The unit is complete with header. The header is not repeated in fragments. There is no length field.

0 1 2 3
0 1 2 3 4 5 6 7 8 9 0 1 2 3 4 5 6 7 8 9 0 1 2 3 4 5 6 7 8 9 0 1
|Header(type=1) | Header | |
+-+-+-+-+-+-+-+-+-+-+-+-+-+-+-+-+ |
| |
| Partial Unit payload |
| |
| +-+-+-+-+-+-+-+-+-+-+-+-+-+-+-+-+
| :…OPTIONAL RTP padding |

0 1 2 3
0 1 2 3 4 5 6 7 8 9 0 1 2 3 4 5 6 7 8 9 0 1 2 3 4 5 6 7 8 9 0 1
|Hdr (type=2/3) | |
+-+-+-+-+-+-+-+-+ |
| |
| Partial Unit payload |
| |
| +-+-+-+-+-+-+-+-+-+-+-+-+-+-+-+-+
| :…OPTIONAL RTP padding |


7.3.3 SDP Parameters

The Session Description specifies the clock rate, version profile and level.
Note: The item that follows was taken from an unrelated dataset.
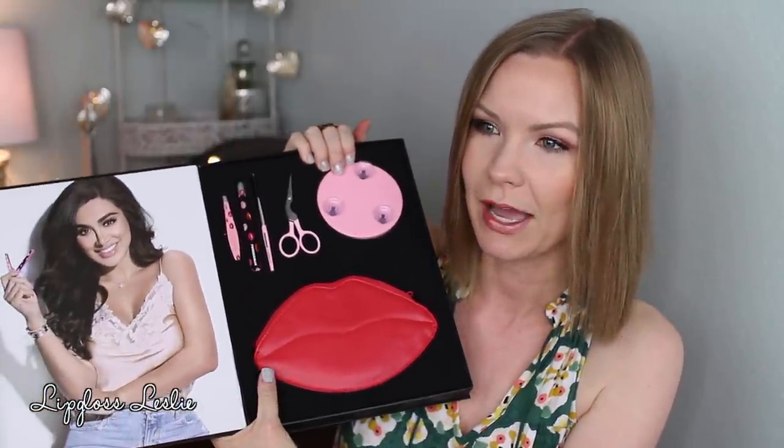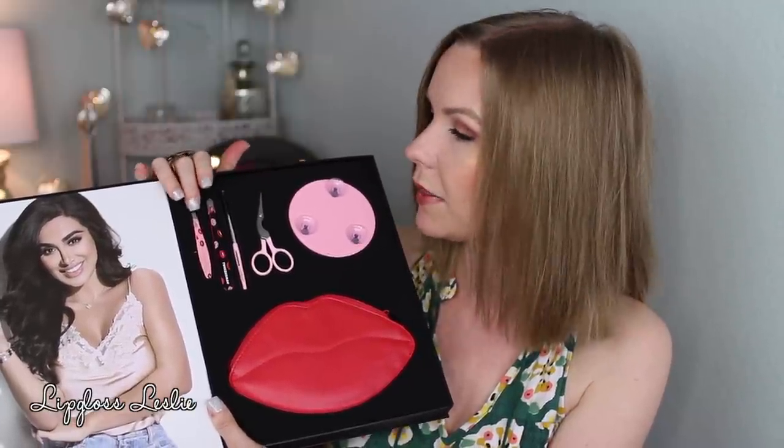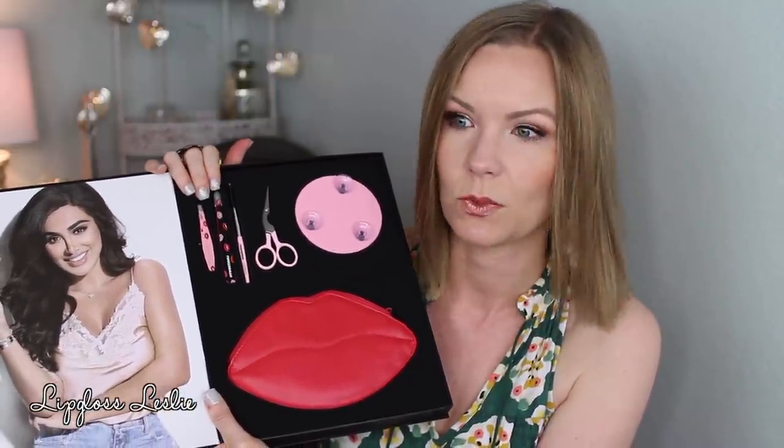Tweezerman has an adorable collection out right now in collaboration with Huda Beauty. You get the bag, a mirror that suction cups to the wall, some little scissors, a little spoolie, and then some tweezers - Tweezerman tweezers work really well. So adorable packaging and design. Love Tweezerman products - they're such nice tools that just get the job done.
The fields in the Session Description Protocol (SDP) are defined as follows:

– The media name in the "m=" line of SDP shall be video.
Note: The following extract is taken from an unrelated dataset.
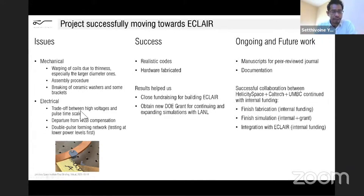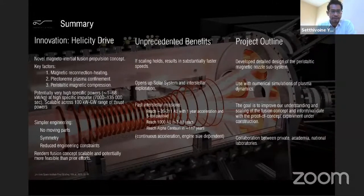There have been mechanical and electrical issues that we've been working on and addressing one by one. We're writing manuscripts for submission to peer-reviewed journals and documenting everything into a final report. The successful collaboration between Felicity Space, Caltech, and UMBC is continuing now with internal funding to finish the fabrication, finish the simulations, and integrate them. Thank you very much, and hopefully we'll be able to profit from these unprecedented benefits of the concept.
– The encoding name in the "a=rtpmap" line of SDP shall be richmedia+xml.

The clock rate in the "a=rtpmap" line is not specified in the present document. The resolution of the clock should be sufficient for the desired synchronization accuracy and for measuring packet arrival jitter. The clock rate of the referenced continuous media files within the presentation needs to be considered. For example, if the presentation contains referenced video which is to be synchronized with the presentation, the clock rate should be no less than 90,000.

The MIME parameters in subclause 11.1, when present, shall be included in the "a=fmtp" line of SDP. These parameters are expressed as a MIME media type string, in the form of a semicolon separated list of parameter=value pairs.

An example of a media-level description in SDP format is shown below.

m=video 12345 RTP/AVP 96
a=rtpmap:96 richmedia+xml/100000
a=fmtp:96 Version-profile=10; Level=10;

7.3.4 Separate Redundant Stream

Redundant DIMS Units may be carried in RTP in a separate stream. If there is more than one main stream, the redundant stream(s) shall be linked to the matching main stream(s) that they repair, using the media identification and group attributes as specified in [22]. For any RTP packet A in a redundant stream and any RTP packet B in the corresponding main stream, when the redundant DIMS units in packet A and the main DIMS units in packet B have the same media time, packet A and packet B shall have the same RTP timestamp value.

Redundant streams have contains-redundant set to "redundant data only". The stream they are connected to shall have contains-redundant set to "main data only".

A terminal may perform tune-in etc. using the ‘redundant’ stream by:

a) looking for a random access point in the redundant stream, or main stream;

b) if the random access point was in the redundant stream, processing DIMS Units from the redundant stream until the redundant-exit indication;

c) continuing processing at the temporally next DIMS Unit in the main stream.